Cephalotus said:
Maybe some "pre controllers" could work that are designed to give a signal output from ~0V to~5V depending on several input factors incl brakes, throttle, PAS, etc...
Sure, you could build one, if you know how to either design opamp circuits or program MCUs.
Realistically it's a lot easier (and likely cheaper than all the development costs) to just buy a Cycle Analyst v3 and set it up for what you want (although it does not do *everything* the way I personally need it to, it works for most people that use it for this).
I've been thinking for a while about a simple hardware circuit that would take pulses from a common cadence sensor and integrate them into a "constant" voltage output, with a simple adjustment knob for min throttle voltage out, and another for max throttle voltage out, and a simple gain knob to let you set it up for your particular cadence vs throttle output. It shouldn't take more than $10 in parts including a bit of perfboard to wire it on, or perhaps $15 or so if a PCB was made for it in enough quantity to make them cheap.
A bit more complexity would allow a brake cutoff input to shutdown the throttle output.
A bit more complexity from there would allow the use of some torque sensors instead of just cadence.
But this kind of system is so simple it's not really that tunable to a particular usage scenario, unlike the CA, unless you make even more complexity to the circuitry and more adjustment knobs. Very much of this and it gets a bit on the large side, and becomes cheaper and easier (especially for the end user) to do this using an MCU, programmed for the task. At that point, it's easier to just use the CA3, unless it simply doesn't have the feature(s) you need.
The mmc-3 is quite expensive, too, but you do not need that huge CA3 on your handlebar.
You don't "need" the CA on your handlebar at all.
You can mount it wherever you like, once configured (which can all be done via the USB-serial cable and the Windows or Apple setup program).
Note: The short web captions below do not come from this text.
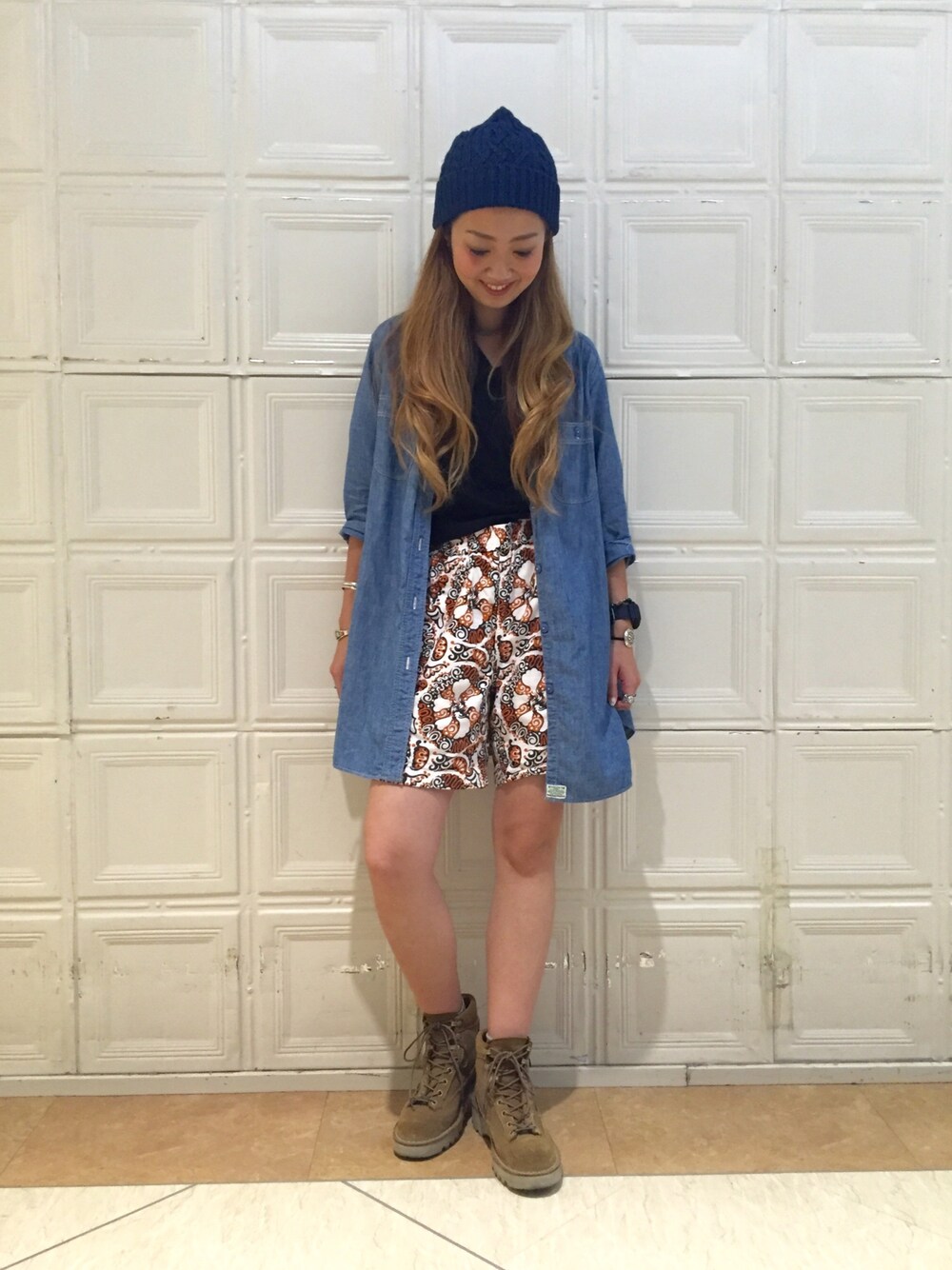 「BEAMS、BEAMS BOY、beamsboy、夏コーデ、orslow、Hanes、Danner」｜「BEAMS PLUSのBEAMS PLUS / インディゴ ワッチキャップ（ニットキャップ/ビーニー、ブルー系）」を使った、sawaaaさん（レディース・157cm）の夏コーディネートの1枚目の写真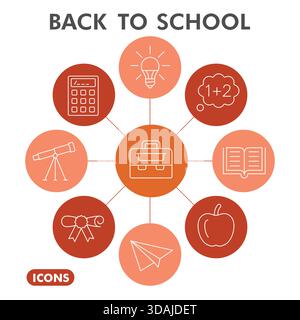 Back to school symbols collection or sketches. Studies theme bubble in linear style signs for web and app. Vector graphics isolated on white backgroun Stock Vector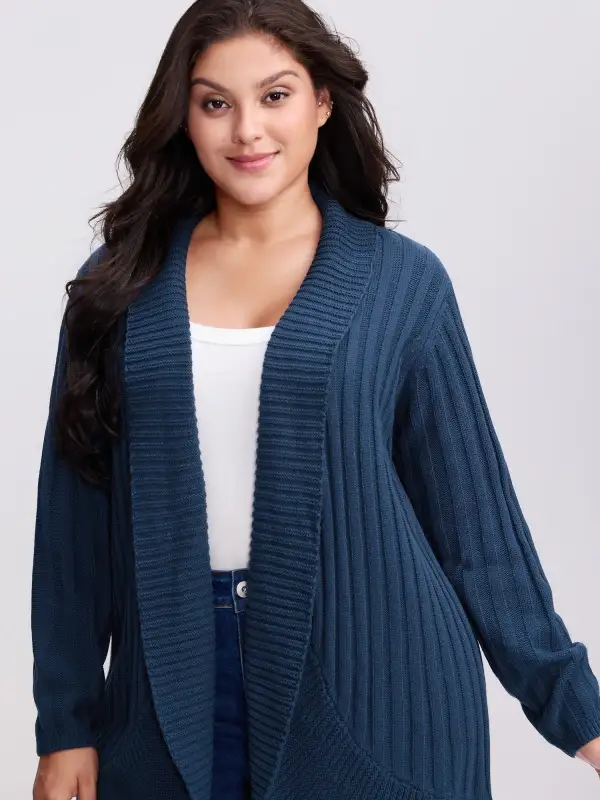 Folded Collar Ribbed Curvy Knit Cardigan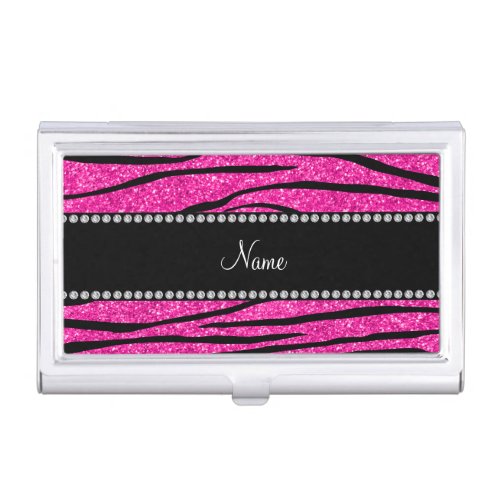 Custom name neon hot pink glitter zebra stripes business card holder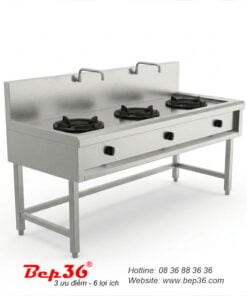 Bếp á 3 họng 2 vòi nước BA3-5A1 inox 201/304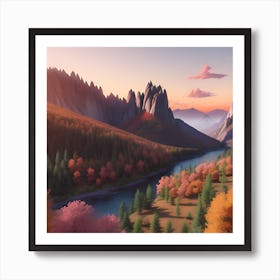 Autumn In The Mountains Art Print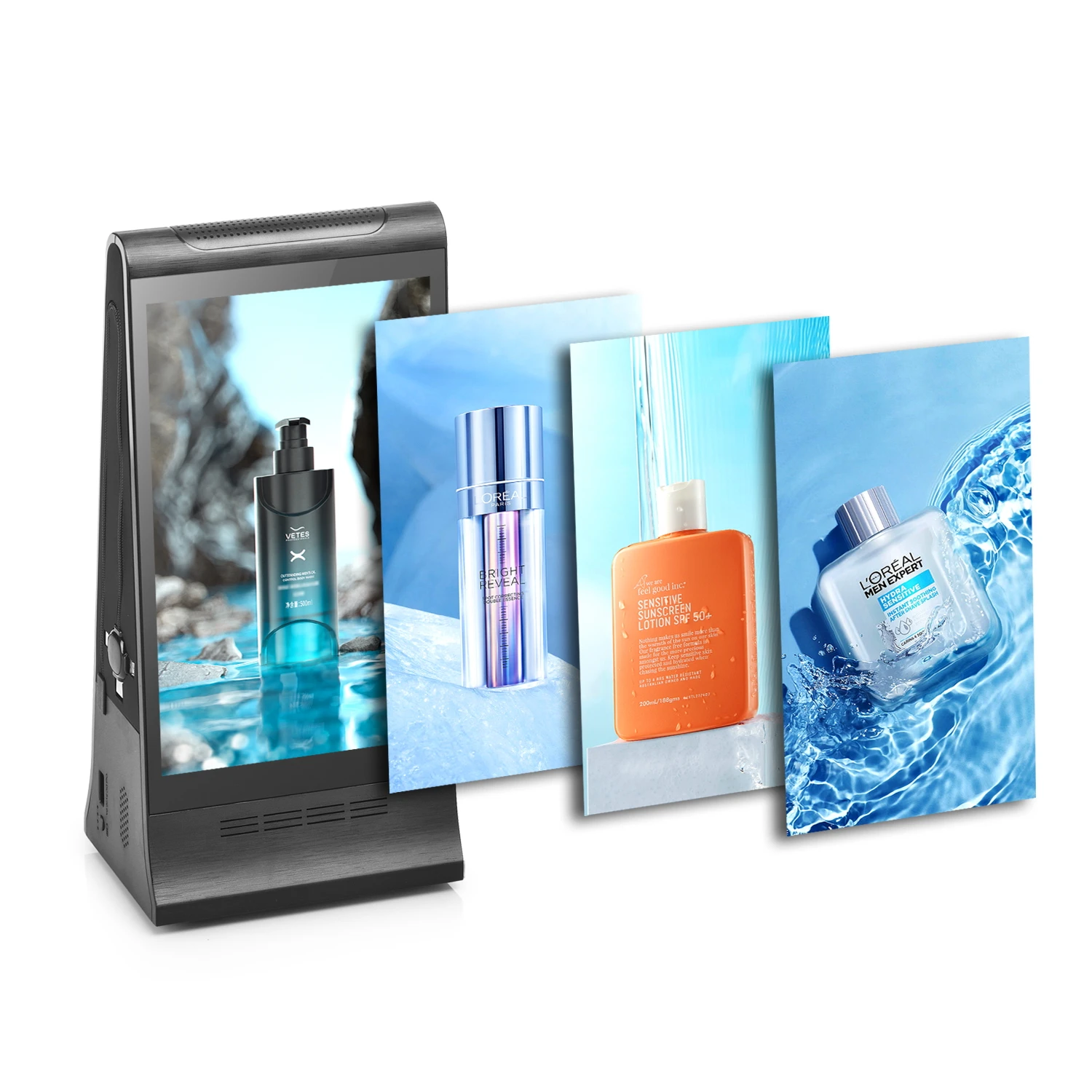 Fastest 868Plus 4+32G wifi remote double side video ad player Power Bank restaurant table top advertising digital menu display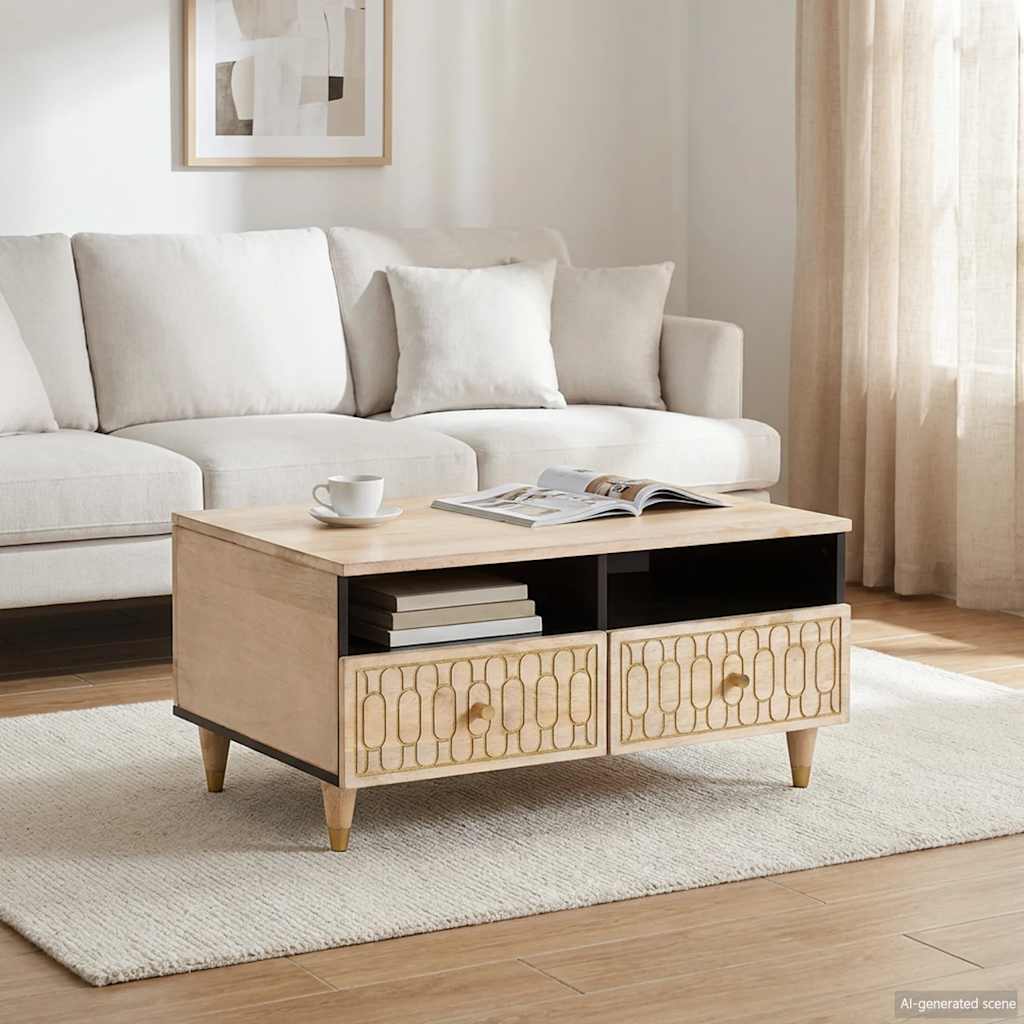 sofabord 80x54x40 cm massivt mangotræ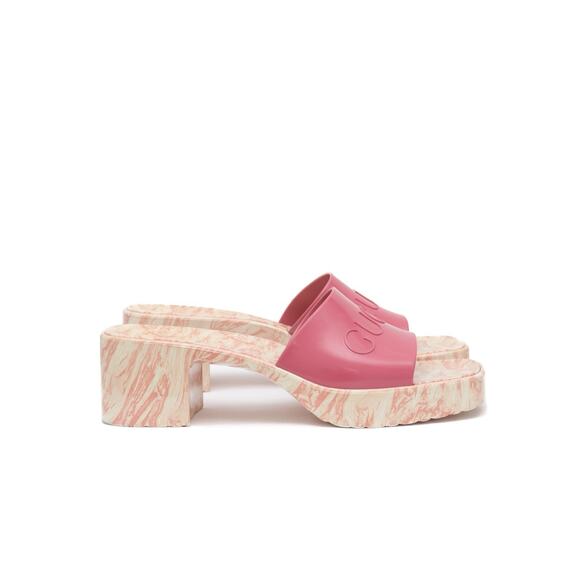 GUCCI Rubber Logo Womens Platform 20/60mm Slide Sandals Pink 37 US7 - Picture 6 of 14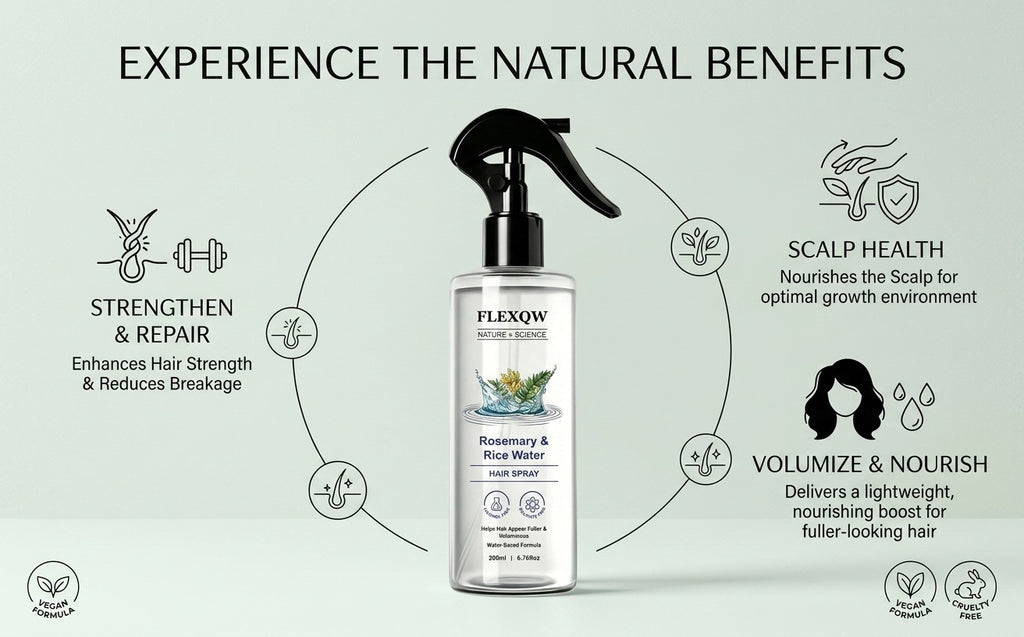 FLEXQW Rosemary & Rice Water Hair Spray – Strengthen, Volumize & Nourish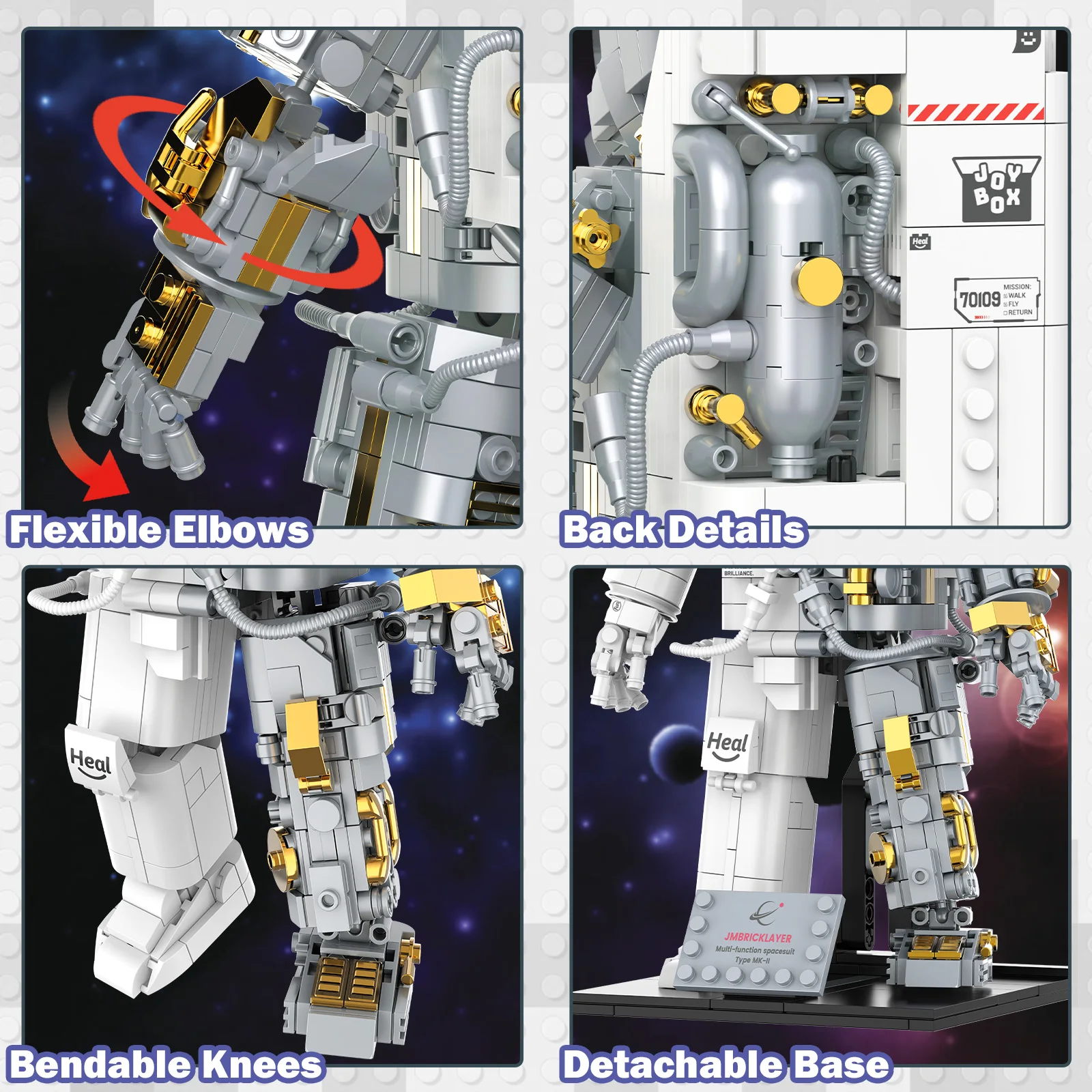 JMBricklayer 1008PCS Space Astronaut Building Blocks Set Spaceman Figure Model Kit with Display Stand Gold Visor Articulated Joints STEM Science Toy Space Exploration Home Office Decor Gift for Adults Teens Birthday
Stick it in with the battery or the controller, or wherever else you like.
If you don't ever want to see the display on it at all, and don't mind some DIY, you can even take it out of the case and cut the LCD off, and have a smaller board you can package however you like.
If you like you can still even use remote buttons, switch, or knob via the Aux input, where the buttons/switch/knob is mounted whereever you can reach them, to change certain things on the CA "live", like switching presets, or amount of assist, etc.